> **RECORDED INFORMATION**
- Opening Delimiter -
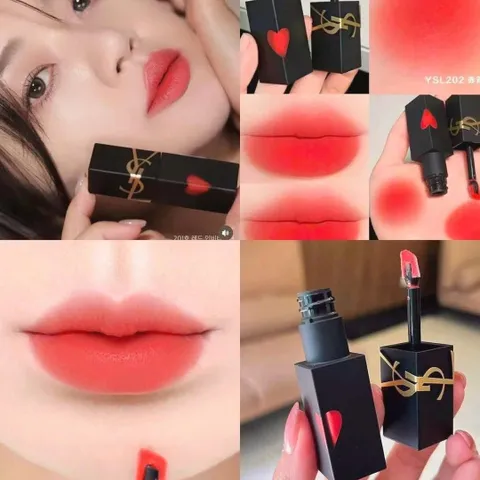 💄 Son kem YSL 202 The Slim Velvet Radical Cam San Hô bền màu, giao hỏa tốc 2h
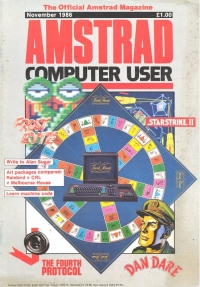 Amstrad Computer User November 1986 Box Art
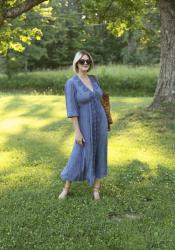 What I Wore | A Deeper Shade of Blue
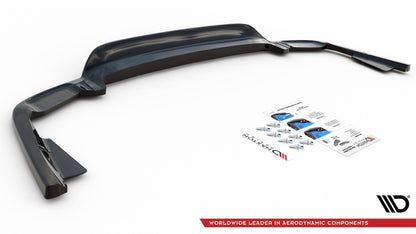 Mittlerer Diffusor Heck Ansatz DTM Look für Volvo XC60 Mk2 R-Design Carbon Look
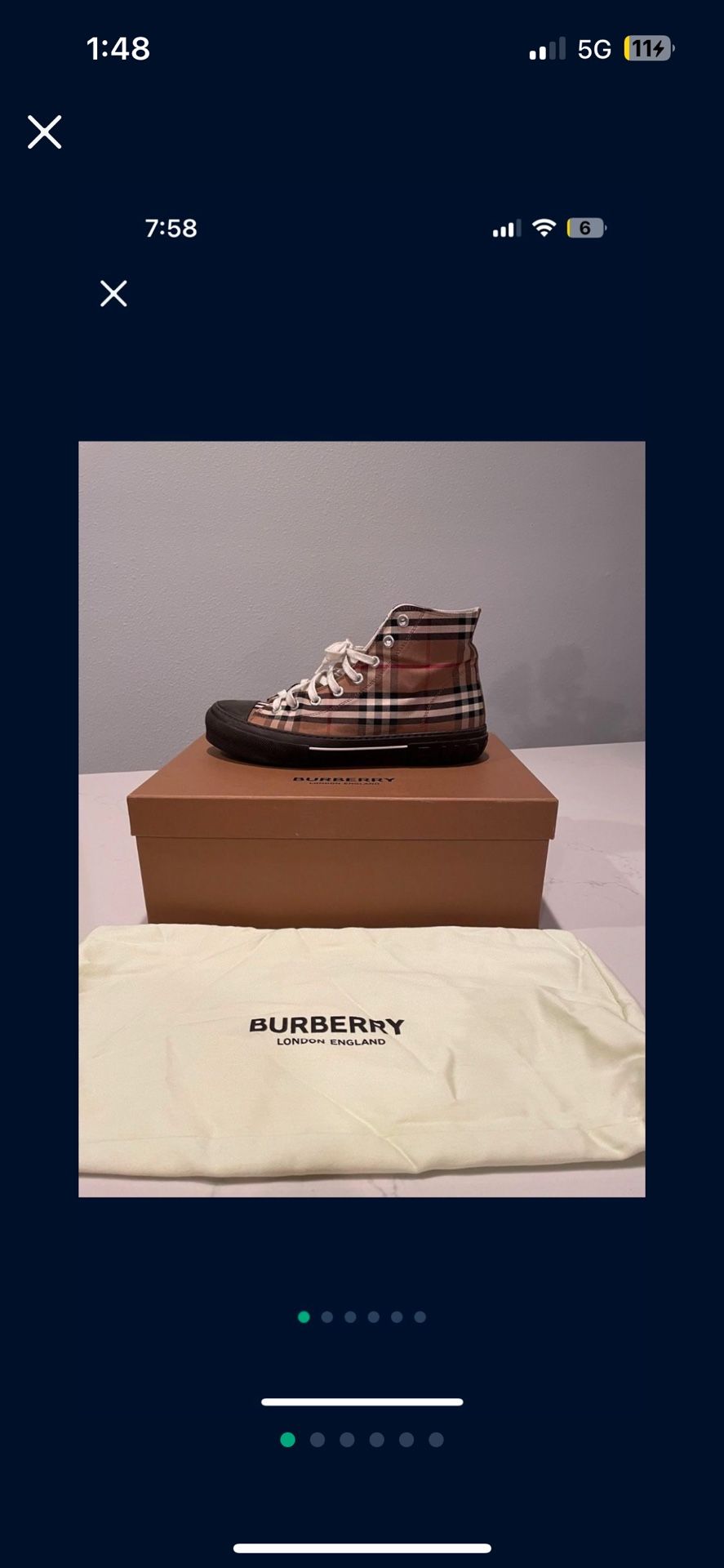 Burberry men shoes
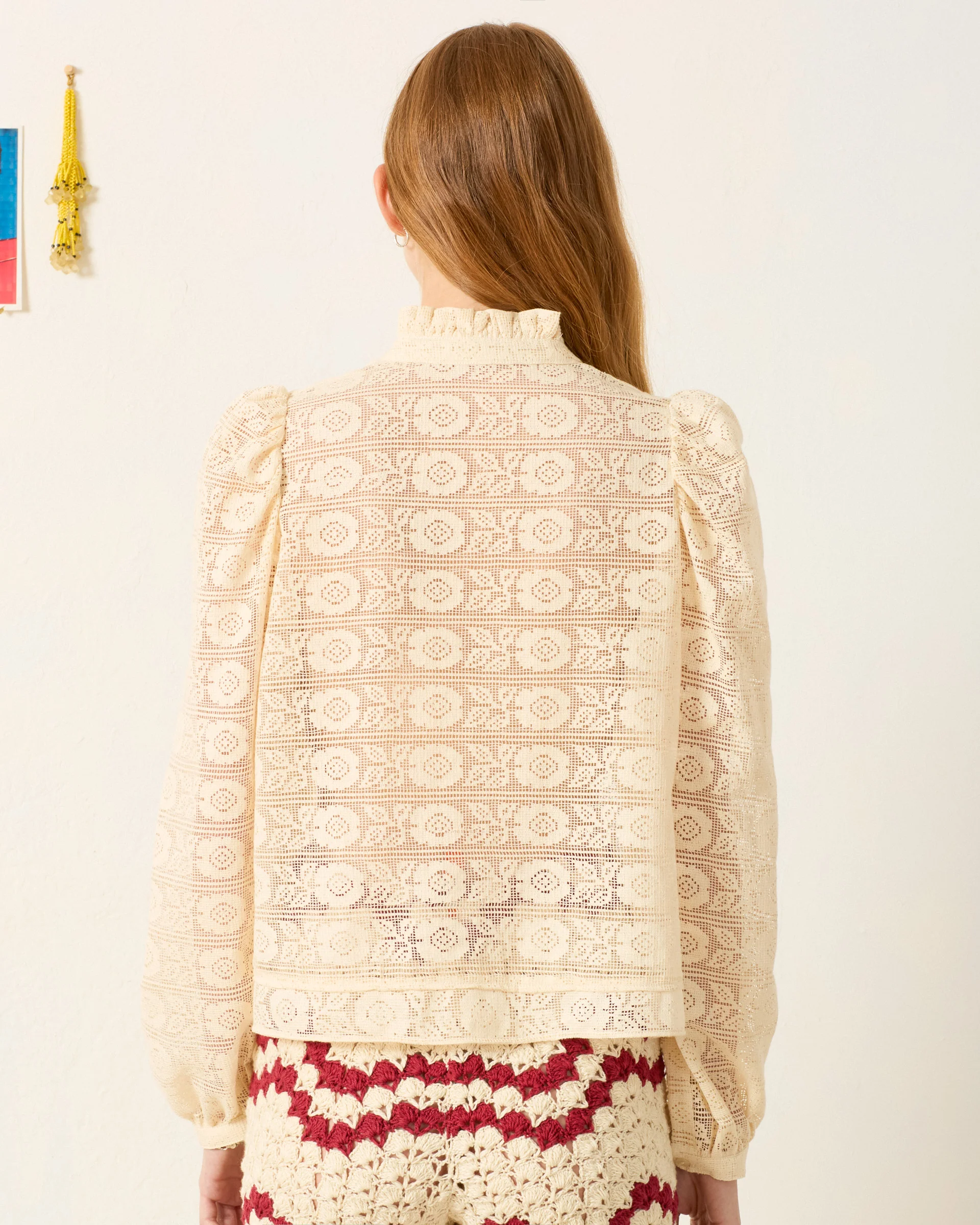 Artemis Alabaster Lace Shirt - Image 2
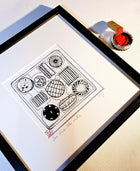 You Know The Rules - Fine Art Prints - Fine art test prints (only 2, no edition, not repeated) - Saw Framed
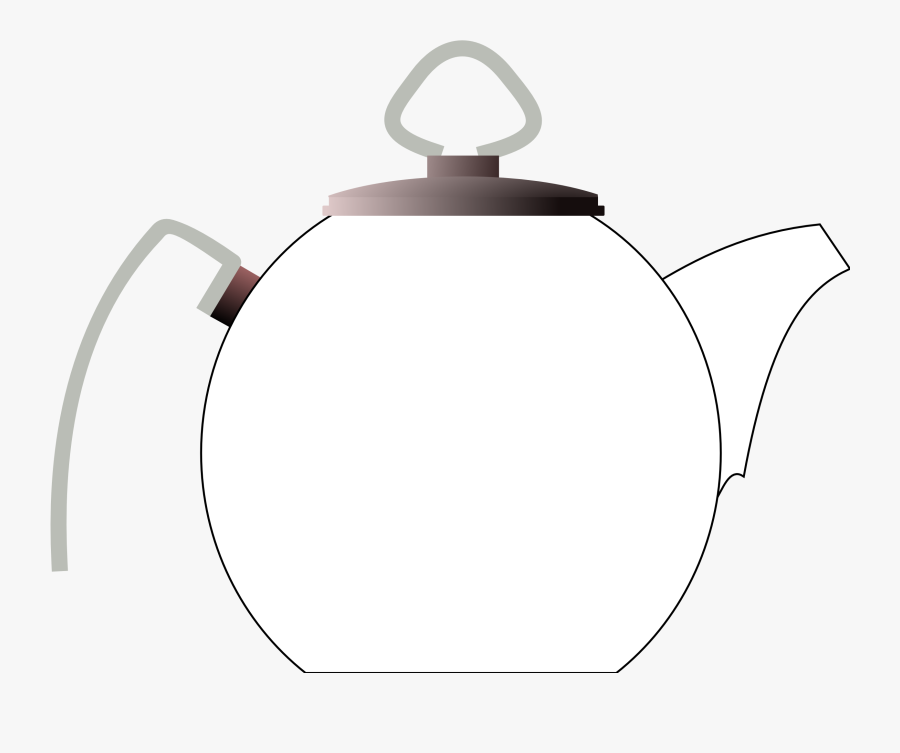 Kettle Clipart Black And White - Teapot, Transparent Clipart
- Closing Delimiter -
- Opening Delimiter -
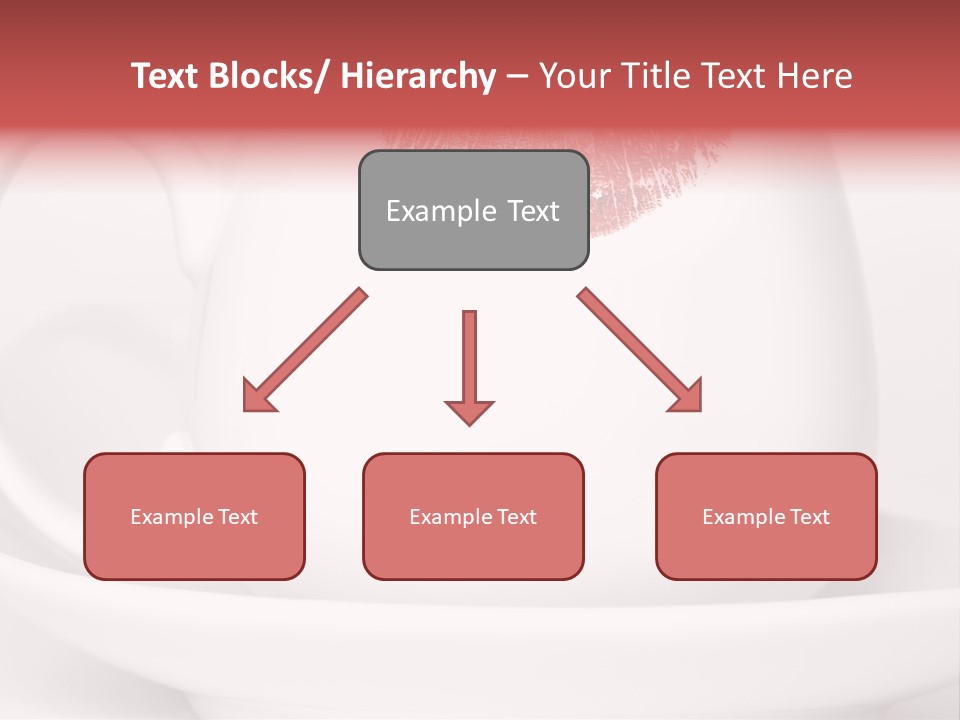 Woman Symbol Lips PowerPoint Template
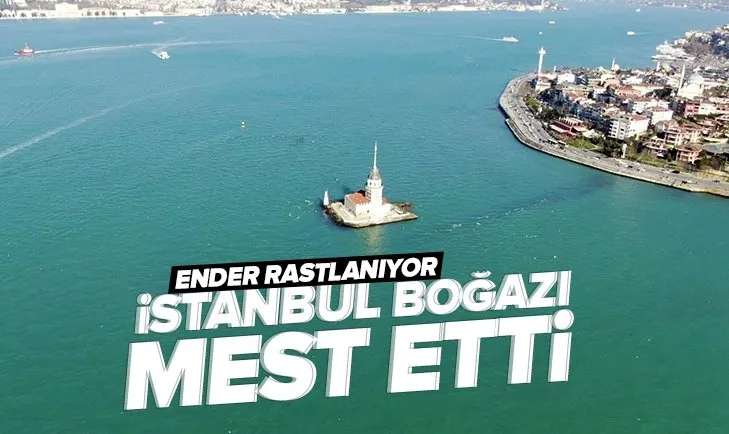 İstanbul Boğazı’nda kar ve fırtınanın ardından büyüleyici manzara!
- Closing Delimiter -
> **THE TASK**
Above are the records; please give again, exactly and in full, only the lines that run from the line with "What I Wore | A Deeper Shade of Blue" through the line with "Kettle Clipart Black", with no pictures.

> **ANSWER SPACE**
 What I Wore | A Deeper Shade of Blue
 Mittlerer Diffusor Heck Ansatz DTM Look für Volvo XC60 Mk2 R-Design Carbon Look
 Burberry men shoes
 Artemis Alabaster Lace Shirt - Image 2
 You Know The Rules - Fine Art Prints - Fine art test prints (only 2, no edition, not repeated) - Saw Framed
 Kettle Clipart Black And White - Teapot, Transparent Clipart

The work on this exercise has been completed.